Picasso with Sabartés. ©Rights reserved.
It was up to me to define the need for and the use of digital images in the Museum and give some coherence to the project, but a matter of such crucial significance as the control of image quality was entirely beyond me. Institutions such as ours are day-to-day practice, but the deep technical knowledge is in the universities, so I contacted them, set out our ideas and our concerns in this regard, and in February this year, just as the Museum was starting a new phase of qualitative growth, we signed a collaboration agreement with the Universitat Politècnica de Catalunya’s Centre for the Image and Multimedia Technology (UPC-CITM) with a view to working together on programmes of common interest in the development of the visual arts and, more specifically, the digital image.
After a few months of discussions and exchanging of ideas we have begun to give shape to this joint venture. At the present time three lines of work have been opened up in sectors that affect the Museum: the digital reprography of the collection, the reprography of the documentary holdings and the preparing of photographic reportages. The CITM-UPC has drawn up three working protocols for all three spheres of action, they are acting as consultants to ensure their implementation and they are designing the intake, the archive and the access to these images. We are just beginning our collaboration and it will be some time before we see the results, but in these few months of working together we have already come a long way; above all, we have identified how the Museu Picasso can ensure the quality of the digital image and its management and we have set in motion new areas of research for the university.

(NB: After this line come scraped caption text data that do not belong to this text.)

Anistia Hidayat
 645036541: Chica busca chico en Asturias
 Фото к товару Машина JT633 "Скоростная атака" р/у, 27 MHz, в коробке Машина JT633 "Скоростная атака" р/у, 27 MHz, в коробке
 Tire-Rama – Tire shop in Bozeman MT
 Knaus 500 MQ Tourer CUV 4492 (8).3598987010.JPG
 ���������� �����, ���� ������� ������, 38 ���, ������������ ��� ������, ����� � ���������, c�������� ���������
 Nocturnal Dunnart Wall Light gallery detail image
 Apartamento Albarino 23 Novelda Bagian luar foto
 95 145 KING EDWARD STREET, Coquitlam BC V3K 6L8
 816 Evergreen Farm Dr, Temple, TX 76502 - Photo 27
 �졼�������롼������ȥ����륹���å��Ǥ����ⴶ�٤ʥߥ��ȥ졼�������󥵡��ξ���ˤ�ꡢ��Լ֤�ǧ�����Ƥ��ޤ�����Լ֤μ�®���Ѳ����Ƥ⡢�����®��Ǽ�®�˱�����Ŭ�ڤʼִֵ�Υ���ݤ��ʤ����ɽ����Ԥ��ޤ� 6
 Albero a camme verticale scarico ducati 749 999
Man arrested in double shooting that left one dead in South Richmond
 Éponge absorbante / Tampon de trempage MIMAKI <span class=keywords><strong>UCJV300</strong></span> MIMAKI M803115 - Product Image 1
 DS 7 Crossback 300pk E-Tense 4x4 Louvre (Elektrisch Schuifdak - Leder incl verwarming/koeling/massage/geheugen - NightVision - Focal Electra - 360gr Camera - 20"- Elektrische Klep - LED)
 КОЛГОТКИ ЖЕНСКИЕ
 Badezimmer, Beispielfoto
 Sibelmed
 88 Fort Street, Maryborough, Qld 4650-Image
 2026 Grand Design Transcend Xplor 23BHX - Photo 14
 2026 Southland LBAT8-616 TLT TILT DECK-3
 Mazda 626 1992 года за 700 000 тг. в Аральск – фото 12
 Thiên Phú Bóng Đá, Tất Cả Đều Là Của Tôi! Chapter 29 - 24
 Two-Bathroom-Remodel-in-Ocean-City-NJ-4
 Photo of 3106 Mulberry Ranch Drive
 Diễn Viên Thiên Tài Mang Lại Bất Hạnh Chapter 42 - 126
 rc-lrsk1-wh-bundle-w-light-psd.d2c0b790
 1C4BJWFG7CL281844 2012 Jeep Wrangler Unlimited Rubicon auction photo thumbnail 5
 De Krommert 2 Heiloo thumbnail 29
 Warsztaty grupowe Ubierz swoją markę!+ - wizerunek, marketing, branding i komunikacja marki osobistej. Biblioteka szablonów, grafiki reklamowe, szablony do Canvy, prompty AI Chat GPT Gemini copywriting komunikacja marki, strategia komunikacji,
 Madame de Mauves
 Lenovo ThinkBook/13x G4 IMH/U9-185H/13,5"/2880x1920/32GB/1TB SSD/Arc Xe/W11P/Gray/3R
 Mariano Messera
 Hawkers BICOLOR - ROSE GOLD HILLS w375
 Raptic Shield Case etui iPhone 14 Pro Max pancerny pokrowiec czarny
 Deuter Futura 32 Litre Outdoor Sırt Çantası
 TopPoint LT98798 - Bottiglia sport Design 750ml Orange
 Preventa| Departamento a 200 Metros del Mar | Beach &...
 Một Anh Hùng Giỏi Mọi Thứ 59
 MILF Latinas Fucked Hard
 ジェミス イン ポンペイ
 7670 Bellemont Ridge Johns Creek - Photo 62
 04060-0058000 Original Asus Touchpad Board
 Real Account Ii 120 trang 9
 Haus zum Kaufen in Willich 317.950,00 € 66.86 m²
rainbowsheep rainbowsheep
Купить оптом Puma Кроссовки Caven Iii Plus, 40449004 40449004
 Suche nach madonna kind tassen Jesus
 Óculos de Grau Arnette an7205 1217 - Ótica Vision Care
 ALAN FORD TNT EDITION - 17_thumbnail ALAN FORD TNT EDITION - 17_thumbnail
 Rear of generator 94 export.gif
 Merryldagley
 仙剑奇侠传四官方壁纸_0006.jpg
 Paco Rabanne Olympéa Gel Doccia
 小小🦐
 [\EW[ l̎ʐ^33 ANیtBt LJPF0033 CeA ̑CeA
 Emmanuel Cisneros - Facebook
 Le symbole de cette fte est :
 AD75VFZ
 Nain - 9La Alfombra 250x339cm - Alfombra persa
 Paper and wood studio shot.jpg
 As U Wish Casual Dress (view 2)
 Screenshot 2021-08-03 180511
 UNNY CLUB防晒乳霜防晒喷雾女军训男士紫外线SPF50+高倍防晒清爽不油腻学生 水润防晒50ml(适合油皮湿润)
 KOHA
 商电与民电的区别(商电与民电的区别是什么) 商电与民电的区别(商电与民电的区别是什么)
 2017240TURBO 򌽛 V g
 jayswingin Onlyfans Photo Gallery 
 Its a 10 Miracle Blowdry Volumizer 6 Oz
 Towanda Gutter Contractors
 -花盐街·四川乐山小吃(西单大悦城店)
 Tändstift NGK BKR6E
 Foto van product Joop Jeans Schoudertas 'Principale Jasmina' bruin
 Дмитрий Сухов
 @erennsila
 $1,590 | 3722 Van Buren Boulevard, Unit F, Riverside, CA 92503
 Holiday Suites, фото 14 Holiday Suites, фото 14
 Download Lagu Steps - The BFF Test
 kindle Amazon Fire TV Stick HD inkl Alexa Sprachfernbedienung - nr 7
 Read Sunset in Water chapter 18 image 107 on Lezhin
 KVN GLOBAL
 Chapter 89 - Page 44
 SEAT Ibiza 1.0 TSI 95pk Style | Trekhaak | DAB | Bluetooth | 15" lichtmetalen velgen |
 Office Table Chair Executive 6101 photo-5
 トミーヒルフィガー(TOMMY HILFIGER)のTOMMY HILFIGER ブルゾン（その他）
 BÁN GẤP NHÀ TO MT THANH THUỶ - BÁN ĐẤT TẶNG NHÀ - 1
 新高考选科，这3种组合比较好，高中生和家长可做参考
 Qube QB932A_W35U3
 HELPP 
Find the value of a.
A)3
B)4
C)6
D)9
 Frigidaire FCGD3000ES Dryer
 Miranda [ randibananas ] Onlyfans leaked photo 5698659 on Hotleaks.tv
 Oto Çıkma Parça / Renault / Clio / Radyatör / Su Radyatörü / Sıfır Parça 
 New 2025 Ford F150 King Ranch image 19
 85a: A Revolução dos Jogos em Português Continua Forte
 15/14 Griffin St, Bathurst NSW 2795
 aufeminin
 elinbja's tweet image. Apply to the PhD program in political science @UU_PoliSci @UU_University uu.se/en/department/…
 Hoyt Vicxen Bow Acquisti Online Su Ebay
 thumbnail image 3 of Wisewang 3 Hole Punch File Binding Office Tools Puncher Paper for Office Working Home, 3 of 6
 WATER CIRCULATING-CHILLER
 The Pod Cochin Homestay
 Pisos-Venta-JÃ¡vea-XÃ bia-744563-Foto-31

It’s almost a year now since I attended a lecture by the wonderful Grant B. Romer, founder and Director of the Advanced Residency Program in Photograph Conservation at George Eastman House in New York, in which he said that ‘photography died’. I thought at the time that he was right, of course, but I now understand more fully what he was saying: the photograph is one thing, the digital image another. There is no doubt that the multifaceted nature of photography has been inherited by the digital image, but the technological basis of the latter belongs to another world and to other experts, and our museums must learn how to integrate these.